5 grudnia 2016

Od Costina cd Mahiru

Westchnąłem zrezygnowany i naburmuszyłem się. Spojrzałem w głąb mangi z nudów zacząłem ją czytać, skutecznie uniemożliwiając to Mahiru. Uśmiechnąłem się złowieszczo i przeszedłem na swoje łóżko. Nie zdążyłem jednak przeczytać niczego sensownego, gdy książka została wyrwana mi z rąk, a Mahi wkurzony siedział na moim brzuchu, z typową żądzą mordu w oczach. Uśmiechnięty uniosłem drwiąco brwi do góry i zachichotałem cicho.

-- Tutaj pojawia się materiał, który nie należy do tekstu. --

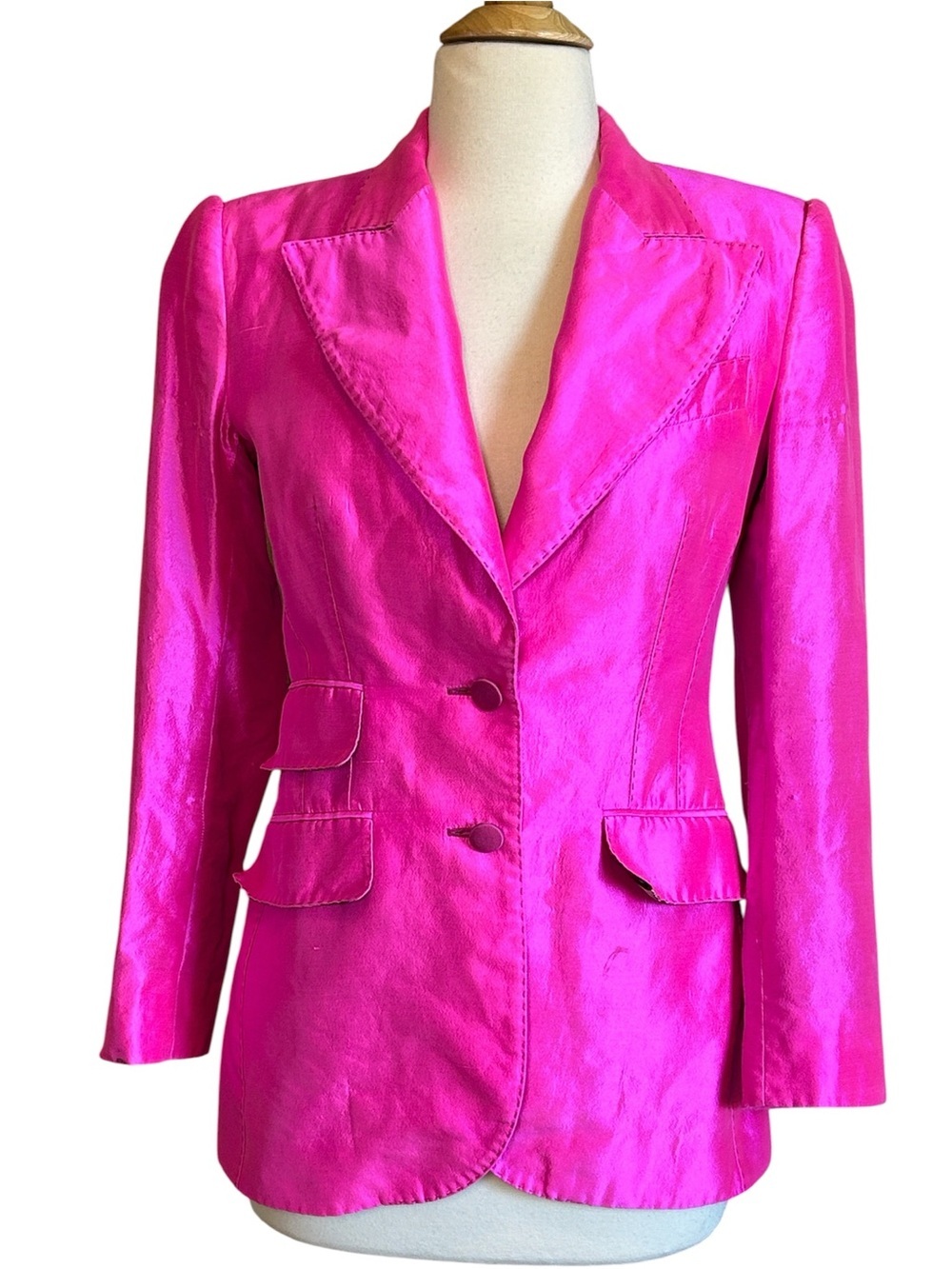 Vintage Y2K Dolce & Gabbana Hot Pink Silk & Leopard lining Blazer Jacket size 2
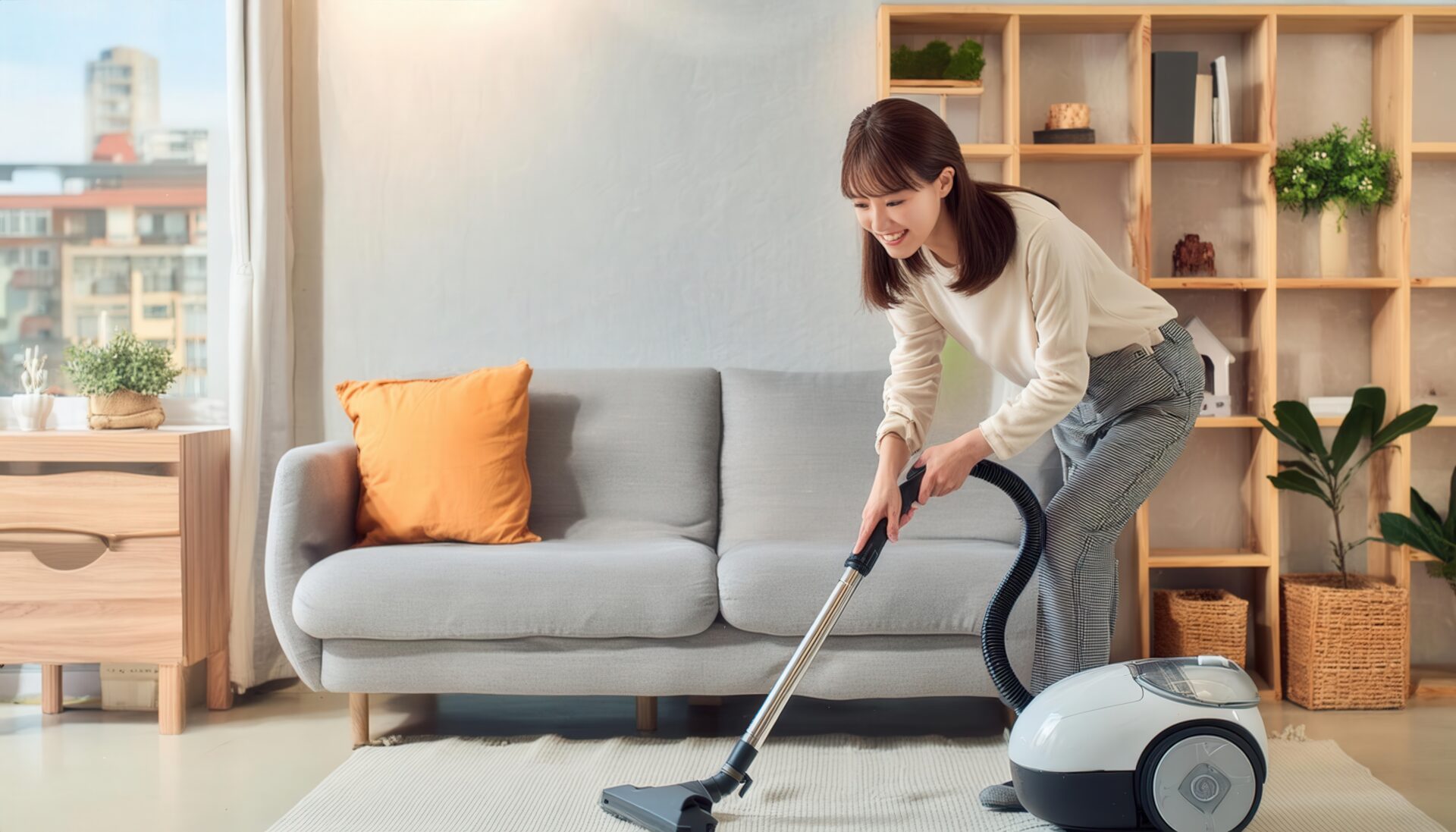 ソファのある部屋で掃除機を使う人物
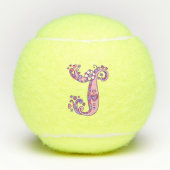 Letter J-Monogramm-Girls personalisierte Doodart Tennisbälle (Vorderseite)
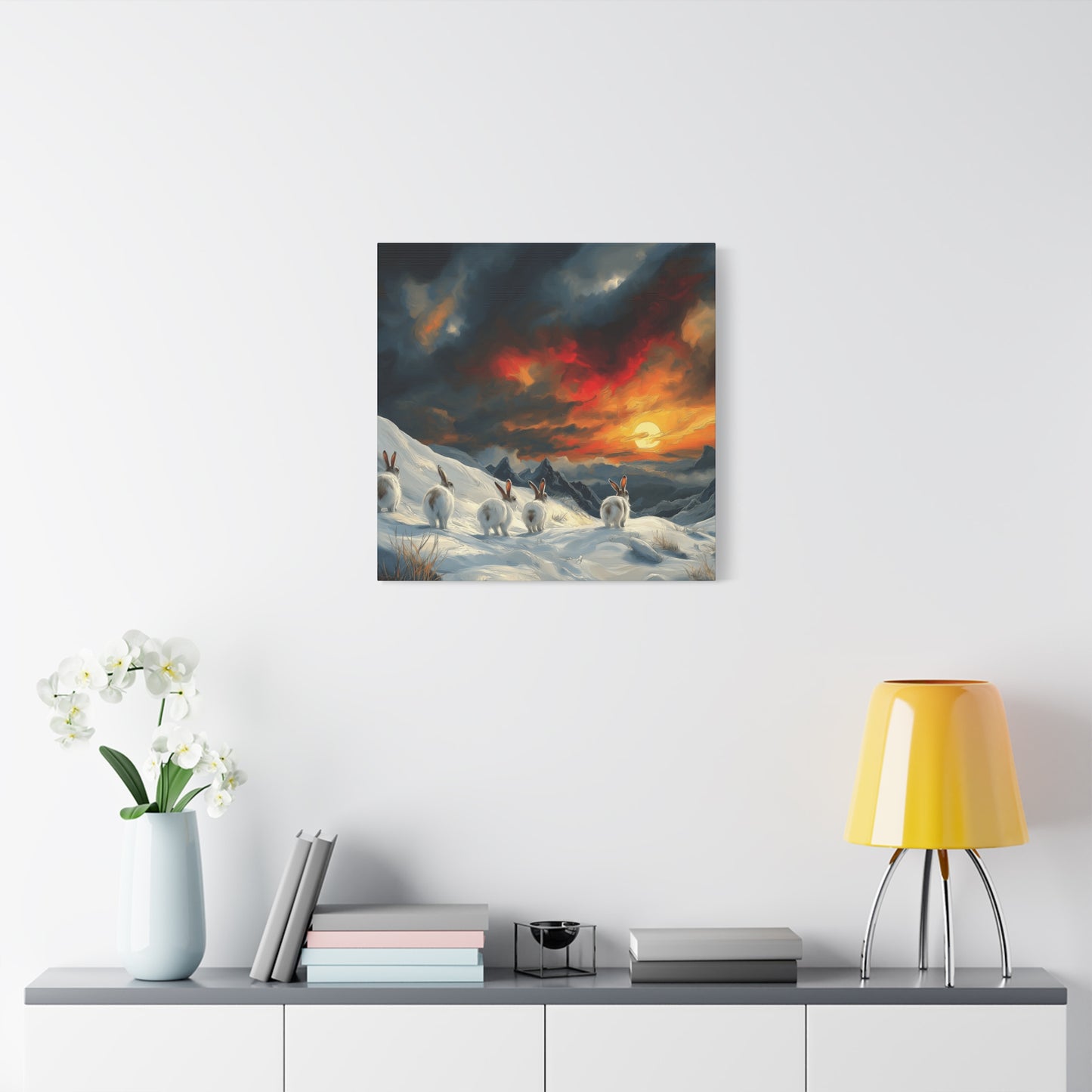 Serene Bunny Landscape Canvas Art - Scenic Home Décor for Animal Lovers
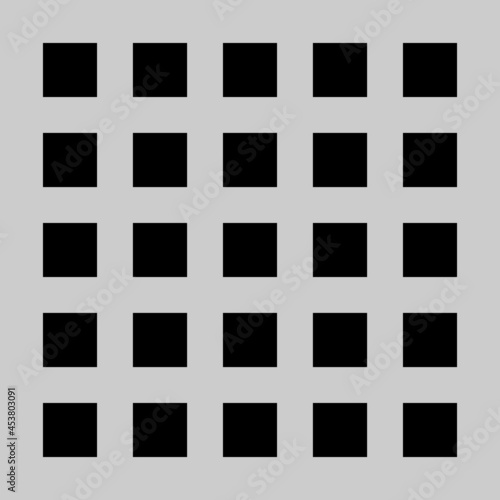 Peg board with square holes. Grey peg board perforated texture background for working bench tools. Vector illustration.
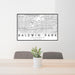 24x36 Baldwin Park California Map Print Lanscape Orientation in Classic Style Behind 2 Chairs Table and Potted Plant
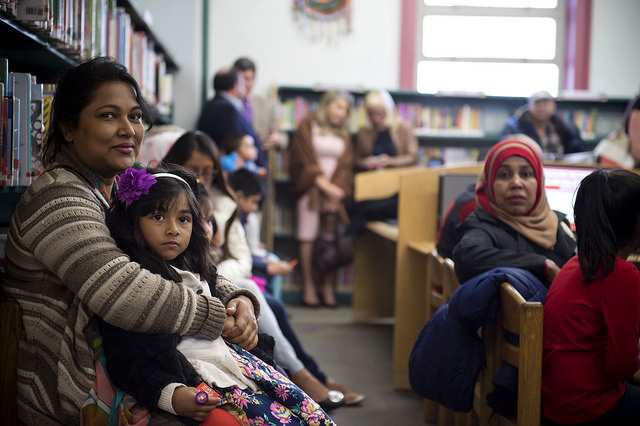 families queens library mayor's visit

- Jedynym, który ma tutaj uprawnienia, do zabijania jestem ja. Ty się w to nie mieszaj, mon cheri - szepnąłem cicho i przewróciłem nas tak, że brunet znów był na dole. - Jak to możliwe, że cokolwiek się stanie, ty zawsze lądujesz pode mną? - zapytałem, udając głupiego. Zafascynowany naszą pozycją podgryzłem jego szyję, tworząc kilka malinek i złączyłem delikatnie nasze usta. - Czego kolwiek nie robię, pamiętaj, że cię kocham.